The Natural, Bernard Malamud. London: Vintage Classics, 2002 (originally published in 1952).
Summary: The story of Roy Hobbs, whose promising career in baseball is nearly ended by a strange woman with a silver bullet and his attempt at 35 for one more season of greatness.
The story of Roy Hobbs is that of the tragic hero come to baseball. A number of you may remember the 1984 movie starring Robert Redford. I haven’t seen the movie but I sense the book is darker. The story begins with a young Roy Hobbs on a cross-country rail journey that recurs in dreams throughout the book as a symbol of futility. At one stop, he encounters The Whammer, a fading star who he strike out. He also encounters Harriet Bird who turns out to be a crazed serial killer of athletes, who nearly ends Hobbs’s life in a Chicago hotel.
Flash forward to Hobbs at 35, who finally makes it back to the majors landing a spot with the hapless New York Knights, their aging manager Pops, their star clown, Bump, his girlfriend Memo (where does he get these names?), the shrewd skinflint owner,Judge, the gambler, Gus, and the sportswriter, Max Mercy, who senses this is not the first time he has met Roy.

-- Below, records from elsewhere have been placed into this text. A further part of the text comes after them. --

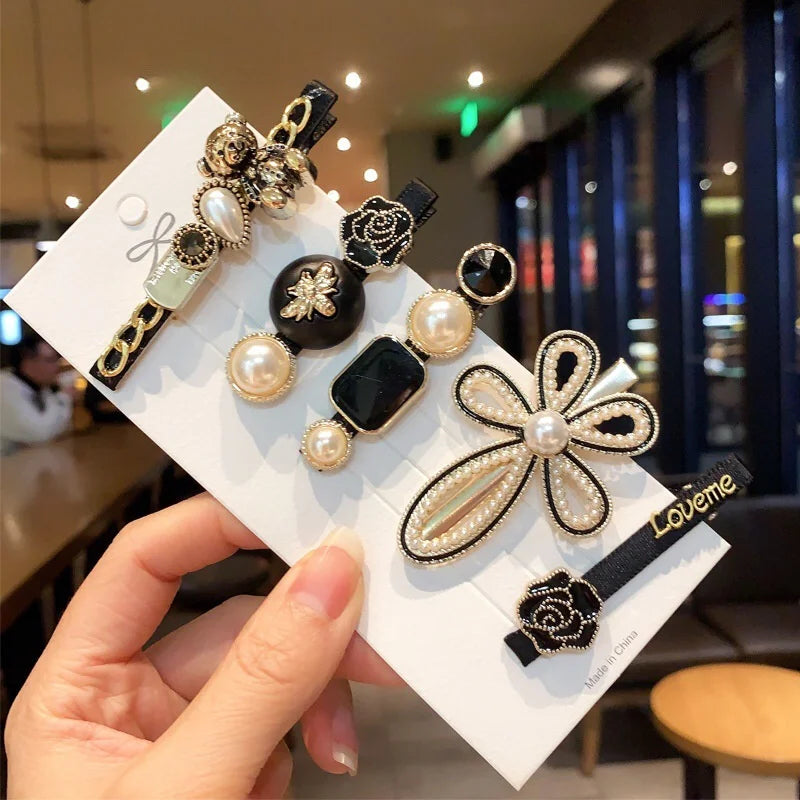 Handmade Pearl & Rhinestone Flower Hair Clips Set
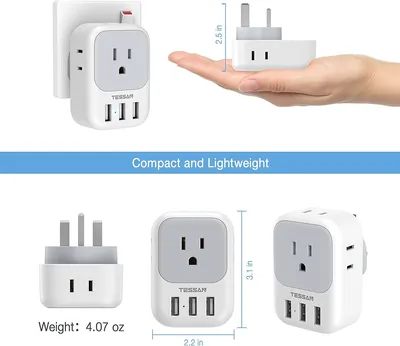 Type C 4 USB Charger Universal World Travel Adapter Converter US/UK/EU/AU  Plug | eBay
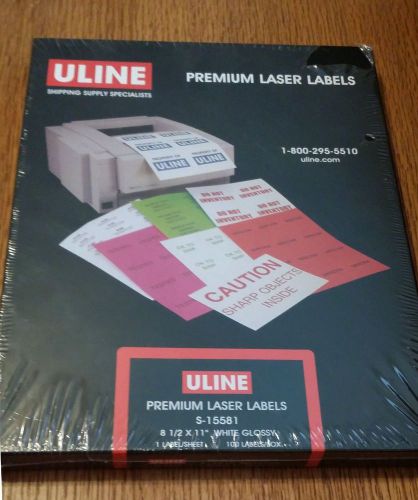 Uline premium laser labels 8 1/2 x 11&#034; white glossy 100 sheets for sale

Hobbs lands a spot, taking Bump’s place after Bump died running into a wall chasing down a long fly ball. Roy, and his bat Wonderboy, help lift the club into first place. Hobbs tries to get Memo back in his bed (he had slept with her after trading rooms with Bump only to have her, thinking he was Bump, jump in bed with him).
When he fails in his efforts, he ends up in a slump, only to meet the one woman who really cares about him, who he avoids after a one night stand finding out that she, though younger, is a grandmother. But she restores his self-confidence, the team gets into first place, and has to win one more game, which it fails to do because Hobbs voraciously eats himself sick. They are tied with the Pirates and have to win a playoff game to win the pennant. Hobbs is released in time for the game but offered a payoff if he will throw the game–a payoff allowing him to provide a life of style for Memo. Will he take the payoff, or remain loyal to the team and Pops.
The quest for greatness, the voracious hunger, and the penchant for dangerous women suggest a man searching for significance in the face of onrushing death. He is the hubristic tragic hero. Yet all this seemed cliche, from the names, to the “dangerous women” to the language he uses to describe these women. Maybe this portrays his shallowness, but it seemed overdone and heavy-handed, which surprised me in a writer of Malamud’s reputation.
This is considered a baseball classic but I was disappointed. A bit more subtlety would have been welcome. From what I can tell, this was early Malamud and perhaps he was learning his craft. Whatever was the case, this is a classic I can’t recommend, as pleasant as this might have been to read.